House Report No. 103-65, 1994 United States Code Congressional & Administrative News 2449, 2459 (emphasis supplied).

After CC fired him, Pfunk promptly complained to the Veterans’ Employment and Training Service of the United States Department of Labor (DOL-VETS), in accordance with section 4322(a) of USERRA, 38 U.S.C. 4322(a).  DOL-VETS investigated his complaint, in accordance with 38 U.S.C. 4322(d), and found it to have merit.  DOL-VETS tried to persuade CC and Francesco to come into compliance, but the employer was unwilling to comply.  DOL-VETS then referred the case to DOJ, in accordance with 38 U.S.C. 4323(a).  DOJ agreed that the case had merit, and DOJ filed suit on behalf of Pfunk on December 10, 2012.

In some prior Law Review articles[4] I have criticized DOL-VETS and DOJ for slowness, so let me congratulate them for the expeditiousness with which they have handled the Pfunk case.  This lawsuit was filed just eight months after CC fired Pfunk.

 


[1] The 6th Circuit is the federal appellate court that sits in Cincinnati and hears appeals from district courts in Kentucky, Michigan, Ohio, and Tennessee.
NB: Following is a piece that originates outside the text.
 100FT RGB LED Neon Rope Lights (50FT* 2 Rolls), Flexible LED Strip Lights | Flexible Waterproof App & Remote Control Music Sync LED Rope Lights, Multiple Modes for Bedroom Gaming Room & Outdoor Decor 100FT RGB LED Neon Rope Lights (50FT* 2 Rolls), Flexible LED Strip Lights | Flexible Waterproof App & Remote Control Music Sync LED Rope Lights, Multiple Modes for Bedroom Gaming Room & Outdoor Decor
[2] I invite the reader’s attention to www.servicemembers-lawcenter.org.  You will find 818 articles about USERRA and other laws that are especially pertinent to those who serve our country in uniform.  You will also find a detailed Subject Index and a search function, to facilitate finding articles about very specific topics.  I initiated this column in 1997, and we add new articles each week.

[3] All involuntary service and some voluntary service (including reserve training) are exempted from the computation of the five-year limit.  Please see Law Review 201 for a definitive discussion of what counts and what does not count.

[4] See, e.g., Law Review 12108 (November 2012).


Update—June 2016

William Pfunk and DOJ prevailed in this lawsuit. Please see Law Review 16050 (June 2016).